Task description: Can you copy out the data exactly? Leave the images out.
── Collected material ──
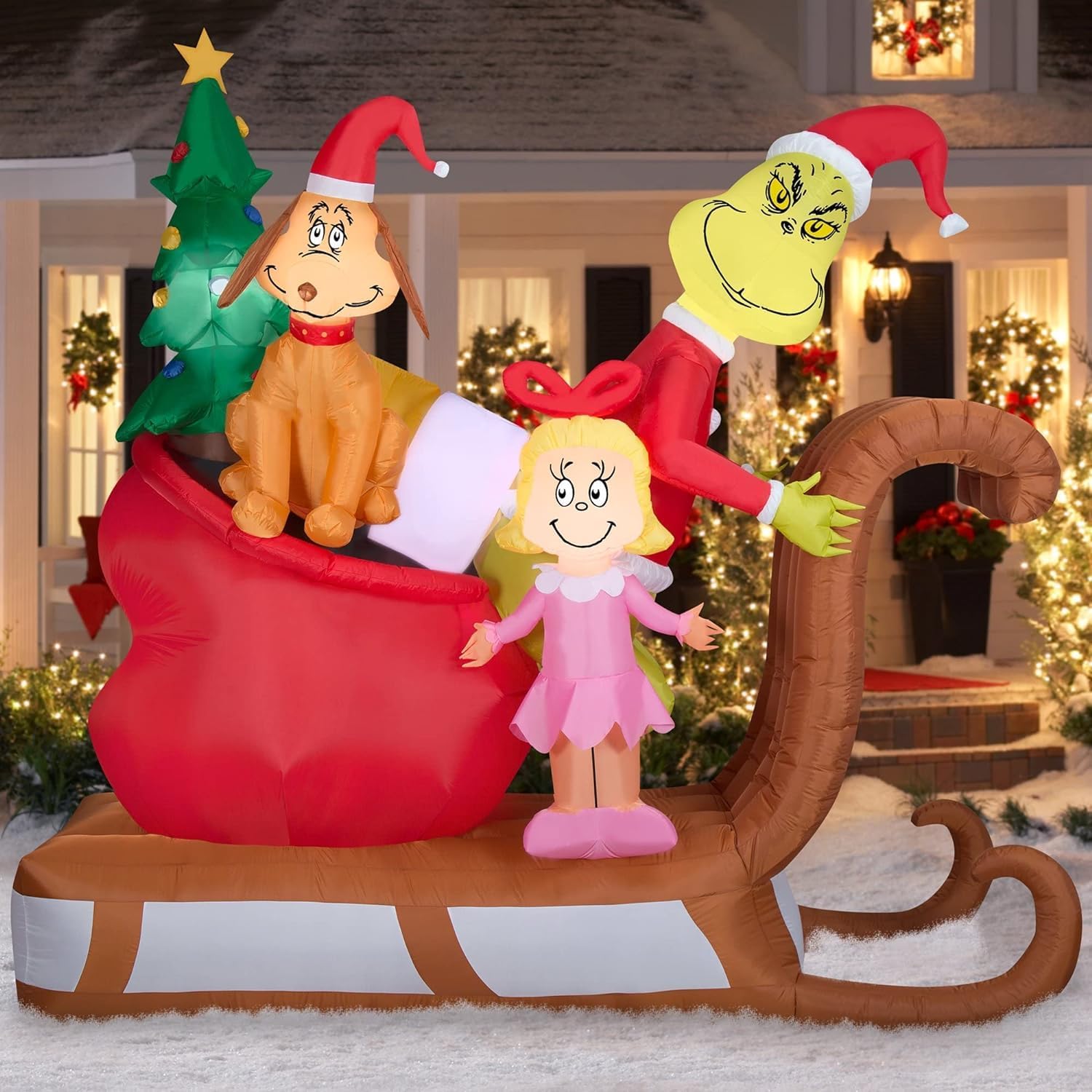 9ft Airblown Inflatable Grinch with Max and Cindy Lou Who on Sleigh Christmas Decor T48530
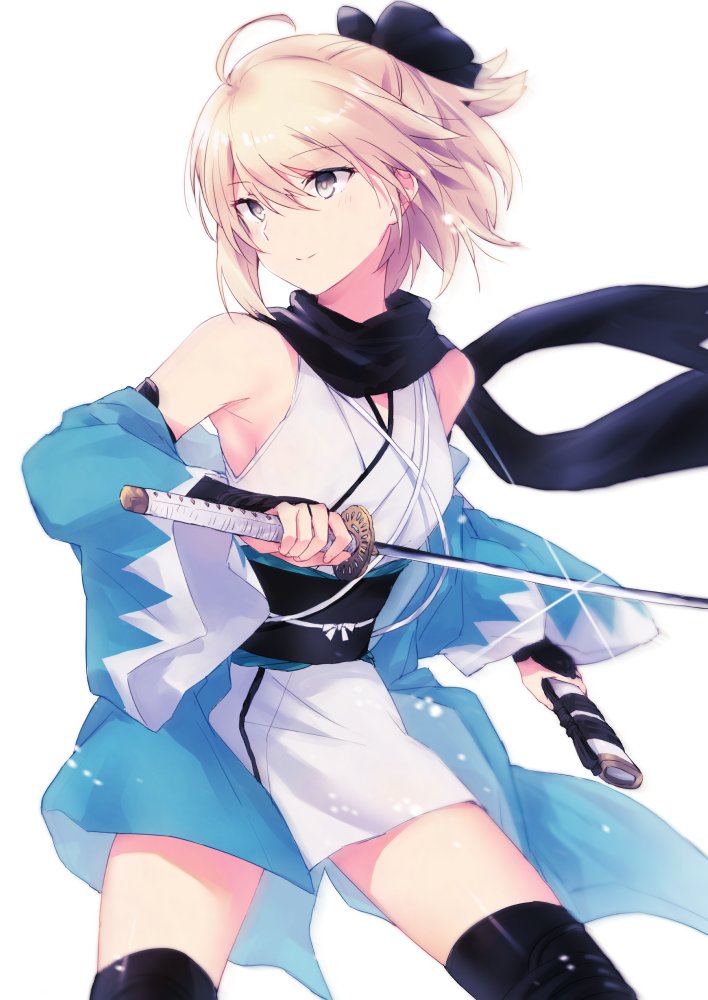 1girl ahoge blonde_hair bow fate/grand_order fate_(series) hair_bow holding holding_sword holding_weapon japanese_clothes katana kimono looking_to_the_side okita_souji_(fate) okita_souji_(fate)_(all) satsumi short_hair simple_background solo sword unsheathed weapon white_background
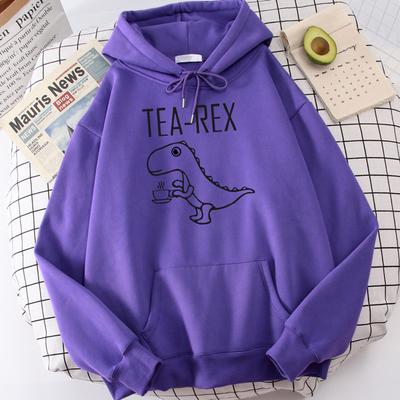 Tea Rex Felpa con Cappuccio Divertente Stampa Dinosauro Bevi Caffè Autunno da Uomo Oversize Semplice Felpe in Pile Tuta Streetwear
───
Response for this exercise:
 9ft Airblown Inflatable Grinch with Max and Cindy Lou Who on Sleigh Christmas Decor T48530
 1girl ahoge blonde_hair bow fate/grand_order fate_(series) hair_bow holding holding_sword holding_weapon japanese_clothes katana kimono looking_to_the_side okita_souji_(fate) okita_souji_(fate)_(all) satsumi short_hair simple_background solo sword unsheathed weapon white_background
 Tea Rex Felpa con Cappuccio Divertente Stampa Dinosauro Bevi Caffè Autunno da Uomo Oversize Semplice Felpe in Pile Tuta Streetwear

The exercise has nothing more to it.